Exploring Validity Theory in Practice

Advancing Contemporary Validity Theory and Practice

Based on Remarks Given During a Town Hall Session at the 2022 NCME Conference

I was honored to participate in a validity “town hall” at last week’s NCME conference with Suzanne Lane, my co-author of the validity chapter in the upcoming 5th edition of Educational Measurement, and Greg Cizek, Professor of Education at the University of North Carolina. It’s no secret that Greg and I have had some disagreements about validity theory and validation over the years, particularly about the role of consequences. It was a lively session, but Jon Twing, Senior VP at Pearson, kept control of things as the moderator.

The Town Hall was well-organized by Greg, included short prepared remarks, questions from the moderator, free-flowing discussion among the participants, and plenty of time for audience interaction. Validity theory can get esoteric in a hurry, so, at least for the prepared remarks, we tried to be practical. Each of the panelists had three minutes to respond to the following two questions:

  1. What aspect of modern validity theory do you think most supports the practice of validation? 
  2. What aspect of modern validity theory do you think most hinders the practice of validation?

Since I prepared my responses in advance (some might be surprised by this), I decided to share them in this post.

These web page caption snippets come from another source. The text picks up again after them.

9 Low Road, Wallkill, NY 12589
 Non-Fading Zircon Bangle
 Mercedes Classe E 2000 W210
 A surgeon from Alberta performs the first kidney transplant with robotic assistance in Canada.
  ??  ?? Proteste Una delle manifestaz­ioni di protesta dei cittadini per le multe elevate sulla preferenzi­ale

Arguments and Validation: The Aspect of Modern Validity Theory That Most Supports the Practice of Validation

I think the shift to an argument-based approach has been and can be very helpful in conducting validity evaluations. Michael Kane is credited with this framework, which is spelled out in his 2006 chapter in the 4th edition of Educational Measurement. However, the ideas certainly trace back to Cronbach’s work in the 1970s and even earlier. There’s also no question that Messick’s theoretical contributions were seminal, although we still spend as much time trying to parse Messick’s words as so-called originalists work to decipher the intent of a bunch of guys in a hot Philadelphia convention.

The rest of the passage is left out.